San Diego Union-Tribune, The (CA) - Tuesday, June 19, 2001

When Rodney S. Pease wasn't polishing the pistol-shooting skills of police officers, he was winning marksman medals left and right.

Shooting expertly with either hand, he had won more than 900 medals and trophies by the time he retired in 1950 from his San Diego Police Department post.

He taught his first wife and three daughters to shoot competitively, adding more hardware to the family trophy cases, and he put on exhibitions that smacked of marksmanship magic.

Aiming over his shoulder, using the reflection in a diamond ring on his finger, Mr. Pease could put a pistol bullet through a swinging target. And he simultaneously could shatter two targets blindfolded with a gun in each hand.

Mr. Pease, who also helped build and design the department's pistol range on Federal Boulevard, died June 6 at Lo-Har Lodge in El Cajon. He was 98.

His health had declined since he suffered several fractures in a fall in January, said a daughter, Patricia Owens.

In 1935, while working as a custodian at the Police Department, Mr. Pease qualified on the city civil service examination for firearms instructor. He traded his broom for a pistol and set about creating a firing range on a Depression-era budget.

"Before Rodney, officers were given a gun, a hearty handshake, and sent out to do the job," said Steve Willard, a director of the San Diego Police Museum.

With funds from private shooting lessons he gave to city employees and wood from buildings created for the 1935 California-Pacific Exposition in Balboa Park, Mr. Pease began to create what came to be regarded as one of the finest police pistol ranges in Southern California.

"Some of the labor was provided by trusties from the city jail," Owens said. "They carried rocks from a creek bed down Home Avenue" to the construction site.

Mr. Pease, who also served as the range custodian, built a house on the grounds in which he and his family lived.

With targets almost in their back yard, his wife, Myrtle, and the couple's three daughters polished their sharpshooting skills.
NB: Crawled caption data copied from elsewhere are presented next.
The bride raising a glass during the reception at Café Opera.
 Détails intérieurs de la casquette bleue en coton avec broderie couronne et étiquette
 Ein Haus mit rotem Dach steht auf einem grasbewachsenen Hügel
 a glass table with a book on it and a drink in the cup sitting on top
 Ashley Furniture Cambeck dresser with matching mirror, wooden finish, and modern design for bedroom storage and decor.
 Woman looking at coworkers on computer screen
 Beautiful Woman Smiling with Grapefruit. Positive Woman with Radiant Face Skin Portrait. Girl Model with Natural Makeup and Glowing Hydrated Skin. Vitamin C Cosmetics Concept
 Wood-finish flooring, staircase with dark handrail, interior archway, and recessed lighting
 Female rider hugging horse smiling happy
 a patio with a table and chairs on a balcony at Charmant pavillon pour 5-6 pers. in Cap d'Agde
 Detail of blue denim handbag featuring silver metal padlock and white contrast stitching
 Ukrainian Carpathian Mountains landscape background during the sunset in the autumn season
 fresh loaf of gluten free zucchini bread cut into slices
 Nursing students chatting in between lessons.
By 1949, Myrtle Pease had won three state pistol-shooting titles and more than 200 medals.

Owens, who began shooting at 6, won more than 50 medals by the time she was 11.

"Rodney put his heart and soul in developing different training methods," said Stan Nebedonsky, who retired from the San Diego Police Department as a captain in 1972. "He even had us riding in police cars and firing at targets, and firing from a barricade, then moving on to another. He was quite innovative that way."

After retiring from his civil service post at age 48, Mr. Pease managed rental properties and indulged his passion for hunting. Going after mountain goats, bears, elk, deer and caribou, he hunted in Canada and throughout the West.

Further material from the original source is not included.